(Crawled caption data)
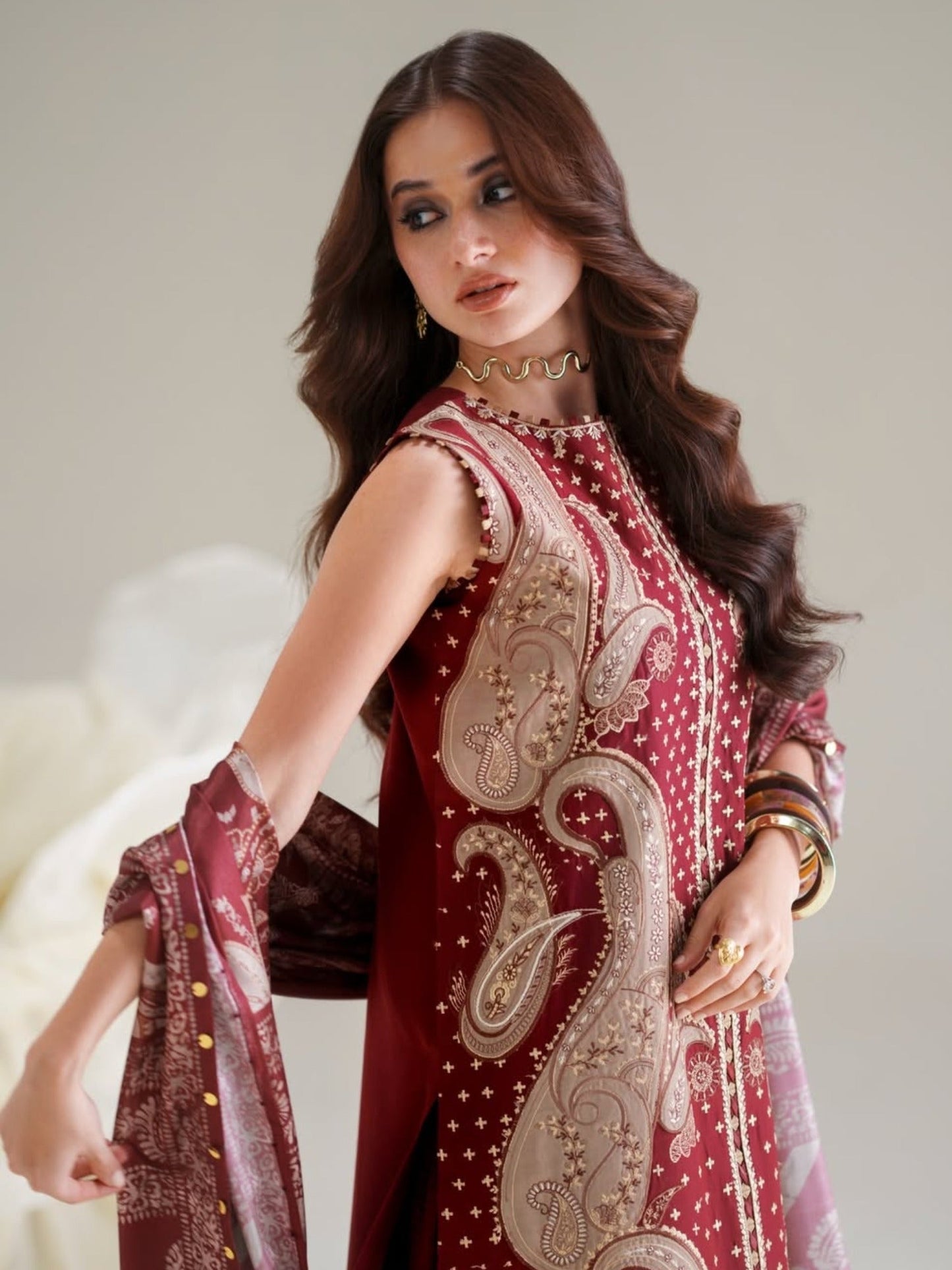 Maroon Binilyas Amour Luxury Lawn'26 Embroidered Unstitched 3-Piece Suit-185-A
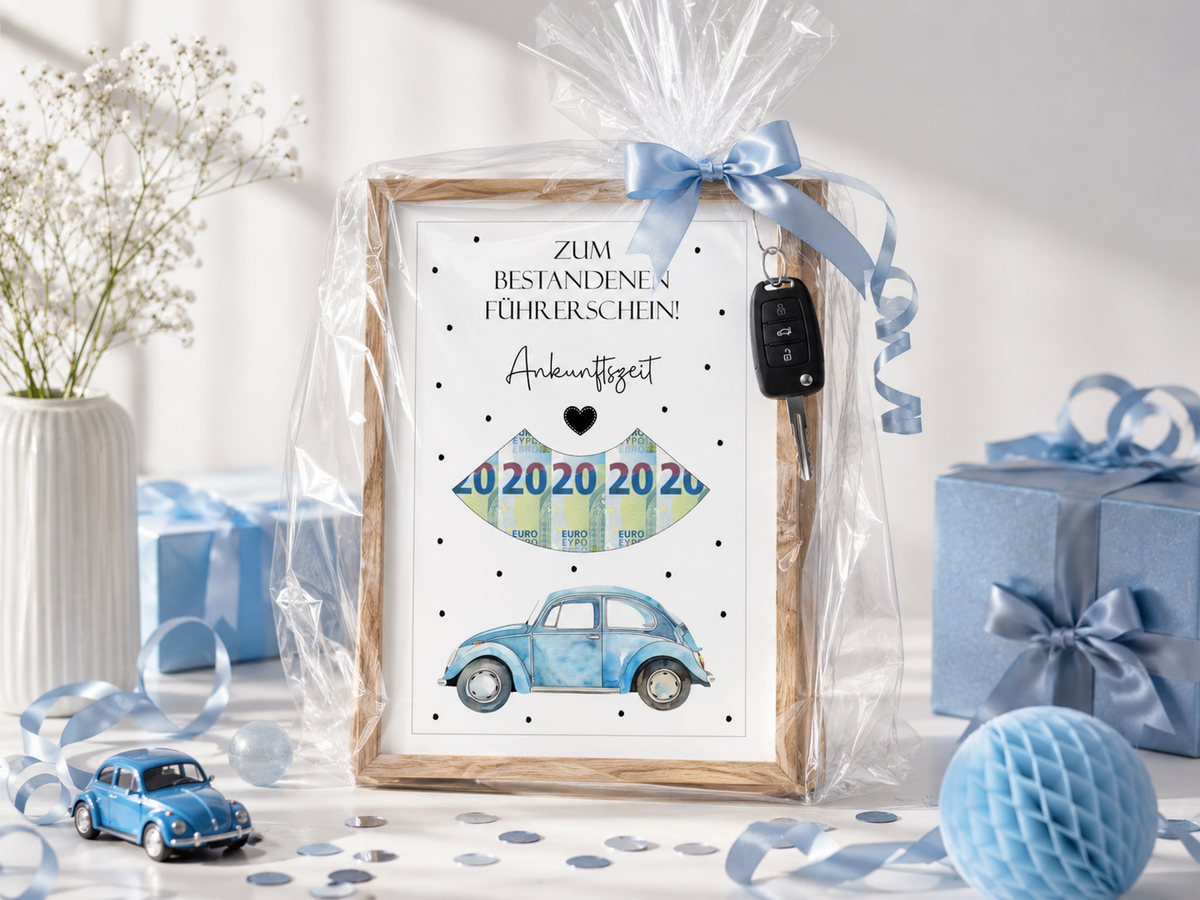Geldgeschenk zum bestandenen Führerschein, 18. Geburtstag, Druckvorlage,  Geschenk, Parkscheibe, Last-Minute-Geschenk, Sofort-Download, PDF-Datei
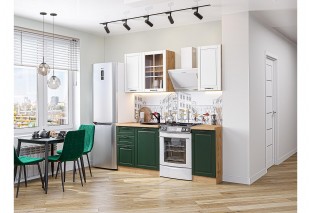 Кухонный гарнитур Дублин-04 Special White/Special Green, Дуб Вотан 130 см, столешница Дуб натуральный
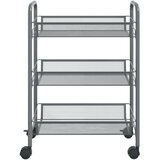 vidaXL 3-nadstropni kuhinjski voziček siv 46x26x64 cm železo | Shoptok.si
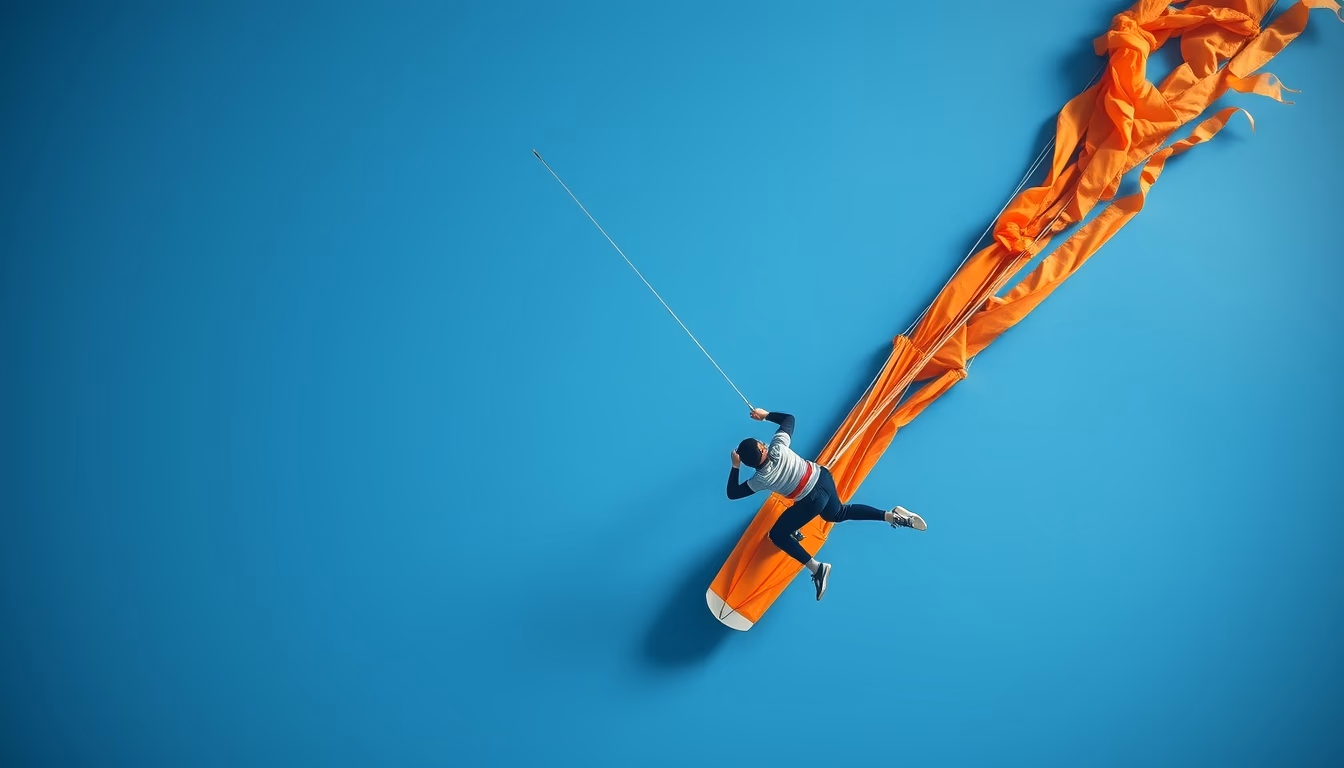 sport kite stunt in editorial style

• WHAT IS EXPECTED: The pictures in the data should be omitted, and every remaining line set down exactly.

• ANSWER TO THIS TASK:
 Maroon Binilyas Amour Luxury Lawn'26 Embroidered Unstitched 3-Piece Suit-185-A
Geldgeschenk zum bestandenen Führerschein, 18. Geburtstag, Druckvorlage,  Geschenk, Parkscheibe, Last-Minute-Geschenk, Sofort-Download, PDF-Datei
 Кухонный гарнитур Дублин-04 Special White/Special Green, Дуб Вотан 130 см, столешница Дуб натуральный
 vidaXL 3-nadstropni kuhinjski voziček siv 46x26x64 cm železo | Shoptok.si
 sport kite stunt in editorial style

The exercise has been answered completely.